Equally it's no good sending over domains when the poster only has £70 to spend.
I think the rule should be enforced rigidly.
So how do you suggest buyers avoid getting ripped off then?
The only realistic way you can get domains sent to you at their real prices, rather than 'priced to suit your budget',
Don't pay anymore than you think the domain is worth to you and your business
Easy![]()
Don't pay anymore than you think the domain is worth to you and your business
Easy![]()
What's a real price?
It's all subjective to the buyer and seller and their own particular needs and requirements at that moment in time
It's not about that though is it. Even if you think domain.co.uk is worth £1,000 to you and you have a £1,000 budget.
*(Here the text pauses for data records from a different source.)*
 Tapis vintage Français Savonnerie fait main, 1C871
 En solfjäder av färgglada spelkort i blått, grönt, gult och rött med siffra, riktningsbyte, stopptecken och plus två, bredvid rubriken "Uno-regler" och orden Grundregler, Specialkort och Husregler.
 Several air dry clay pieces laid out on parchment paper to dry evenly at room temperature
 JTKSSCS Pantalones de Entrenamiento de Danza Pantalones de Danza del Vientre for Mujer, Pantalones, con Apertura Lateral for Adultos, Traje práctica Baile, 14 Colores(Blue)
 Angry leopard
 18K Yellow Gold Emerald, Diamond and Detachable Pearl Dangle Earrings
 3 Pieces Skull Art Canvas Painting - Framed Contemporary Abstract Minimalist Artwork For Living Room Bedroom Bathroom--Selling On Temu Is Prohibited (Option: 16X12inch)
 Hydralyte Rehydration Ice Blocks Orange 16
Should you pay £1,000 for it when it's up for sale in a different thread for £500?
It's not about that though is it. Even if you think domain.co.uk is worth £1,000 to you and you have a £1,000 budget. Should you pay £1,000 for it when it's up for sale in a different thread for £500?
Sure, but you then just waste a load of time and effort trying to deal with the people who're messing about like I described.
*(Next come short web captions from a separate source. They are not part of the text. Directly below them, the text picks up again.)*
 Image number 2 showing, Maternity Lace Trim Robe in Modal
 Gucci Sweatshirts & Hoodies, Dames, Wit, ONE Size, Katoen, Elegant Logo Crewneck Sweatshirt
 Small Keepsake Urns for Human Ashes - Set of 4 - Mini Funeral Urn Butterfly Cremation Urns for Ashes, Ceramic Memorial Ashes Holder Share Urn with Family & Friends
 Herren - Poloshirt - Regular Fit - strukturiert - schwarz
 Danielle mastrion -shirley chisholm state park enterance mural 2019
In a way yes.... but to me if you offer something for sale for £200 and get no buyers, then a week later someone posts a 'wanted' thread and says they've got a £1000 budget, you can't then offer the £200 domain for £900+. Thats not the 'real' price no matter how you look at it. its the 'scam' price.
In a way yes.... but to me if you offer something for sale for £200 and get no buyers, then a week later someone posts a 'wanted' thread and says they've got a £1000 budget, you can't then offer the £200 domain for £900+. Thats not the 'real' price no matter how you look at it. its the 'scam' price.
Timing is everything
If you have an £1000 budget and someone posts the perfect domain you want for £900 then that's great isn't it
You can't worry about what they were offering it for last week
Maybe last week they had bills to pay, the domain didn't sell, the put some money together from somewhere else and now aren't in such a rush.
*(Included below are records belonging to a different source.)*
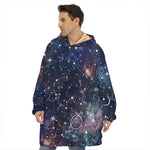 Constellation Galaxy Space Print Hoodie Blanket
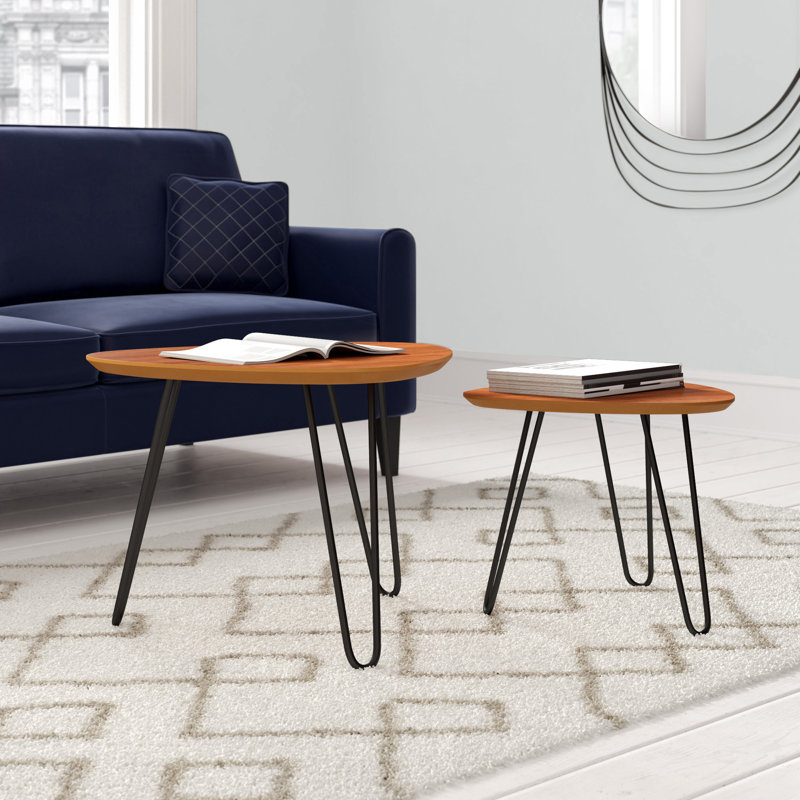 3 Piece Modern Coffee Table Nesting End Side Tables Living Room Set Wood Brown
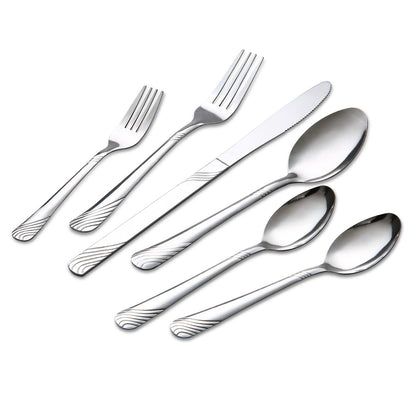 HANSMART 48Pcs Flatware Set Service for 8 Stainless Steel Knife Fork Spoon Tableware Flatware Set Kitchen Dinnerware Gift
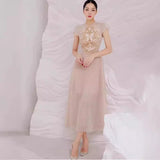 Plataz 2025 Champagne Butterfly Flower Hollow Embroidery Dress Dress Dress 9010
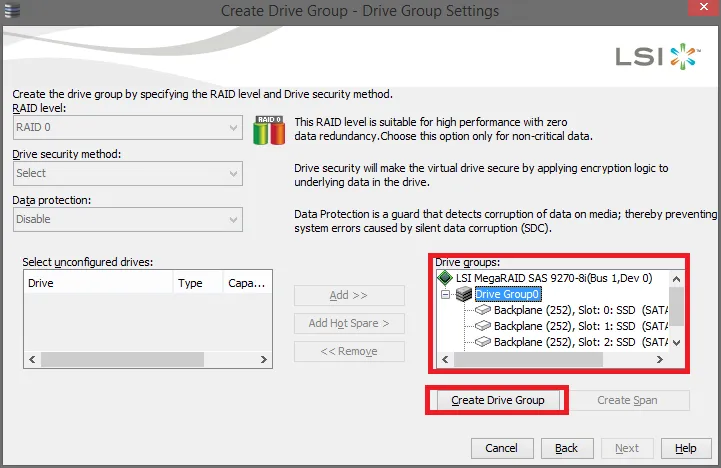 Select Create Drive Group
Or maybe they're just greedy
But if you get offered it for £900, then see they offered it for £200 the week before, chances are you can talk them down to back around near their previous asking price.
If you're talking 10 or 20% out or whatever then sure it could have been down to circumstances and needing to sell or whatever. If you're talking several multiples of the original price, then its just someone taking the piss.
Yes but why should you have to? I'd prefer not to have to assume a seller is trying to scam me, and need to go research what they've tried to sell the domain name for in the past :lol:
It's funny, people seem to complain no matter which way the price moves, up or down. In another recent thread there was the issue that stuff was later sold off cheaper than offers that were turned down or even ignored at the time as being too low, with the complaint being why didn't the seller respond to earlier overtures...
As others have said, nobody has a gun to the buyer's head. If the domain being offered to them makes sense at the price it is proposed at and fits within their budget, and it works better than other alternatives, then why does it matter what it was offered at before?
Try walking into a store a week after their "50% off everything" sale ends and buying at a 50% discount - they'll show you the door!